Lavorando in altezza si realizzano anche i solai, che richiedono anch’essi mezzi per il sollevamento adatti ai carichi e alle dimensioni dei componenti e anche i ponteggi necessari per realizzarli, ma il citato critico d’arte non vede le necessità del sollevamento di elementi pesanti, per le strutture portanti dei solai perché scrive: “Il Memoratorio accenna al costo delle impalcature per realizzare soffitti (peuma) fissato ad una siliqua per piede, ma non è chiaro a quale tipo edilizio si alluda, anche se è da riferire ad una copertura che prevedesse quantomeno degli archi, in quanto un soffitto piano non ha necessità di un sostegno”. Non è il caso di insistere sull’insostenibilità di una simile spiegazione, se è pur vero che siamo all’incirca 1400 anni da quei tempi, due cose non sono mai cambiate: la forza di gravità e l’uomo in quanto biologicamente tale.
Con un poco di buona volontà, se interpreto con “volta” l’espressione “che prevedesse quantomeno degli archi” che tutti sanno vogliono un’armatura di sostegno, è il caso di ricordare che anche un orizzontamento non spingente costituito da grosse travi portanti ha bisogno di apparecchi di sollevamento, e pure questo ovviamente ha assoluta necessità di un’impalcatura, almeno per permetterne la posa. Non penso che si possano assimilare i Comacini a quel gruppo di carpentieri che una celeberrima fotografia del 1932 ritrae seduti a far colazione su una putrella di un grattacielo newyorchese in costruzione, a trenta piani da terra. Un collega statunitense mi raccontò che non era stata un’istantanea di un giornalista, ma una posa lungamente studiata, predisposta e pagata e pare che tre metri più sotto ci fosse già un pavimento.

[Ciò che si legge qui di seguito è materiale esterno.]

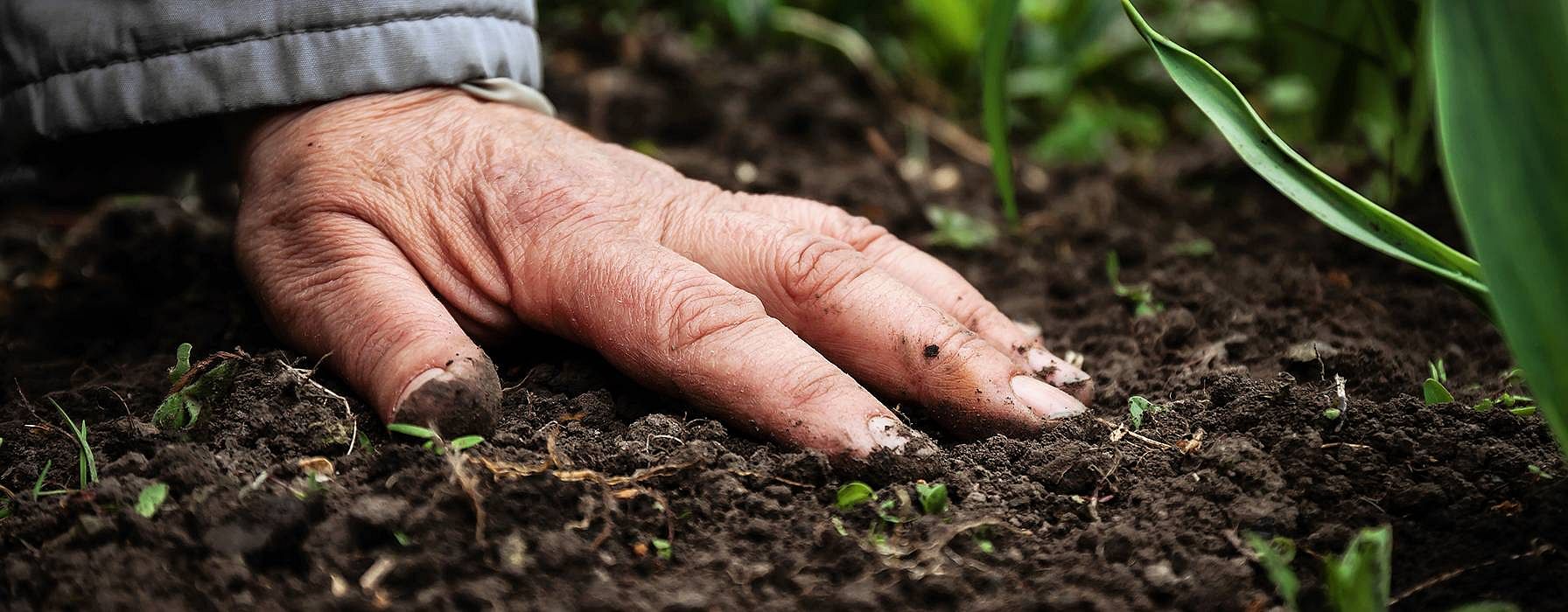 Man's hand on soil.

Con soddisfazione degli archeologi e storici Lariani, l’unico etimo coerente col fatto che se ne parla nell’Italia settentrionale è che questi maestri edili abbiano avuto sede iniziale proprio nella regione comasca, ma perché proprio lì? Sembra una domanda alla quale nessuno o quasi ha pensato di rispondere. Concludo per il momento con la constatazione che quando Valentiniano I sposta la capitale da Roma a Milano, lo seguono questi magistri, che già operavano per le ricche élites dell’Urbe e dintorni, e perciò si è spostato al Nord -conservandosi- il saper costruire dei secoli di fulgore della cultura italica nella romanità. Ė questo il fondamentale apporto dei Comacini alla storia sociale del Medio Evo ed è il caso di ricordarlo.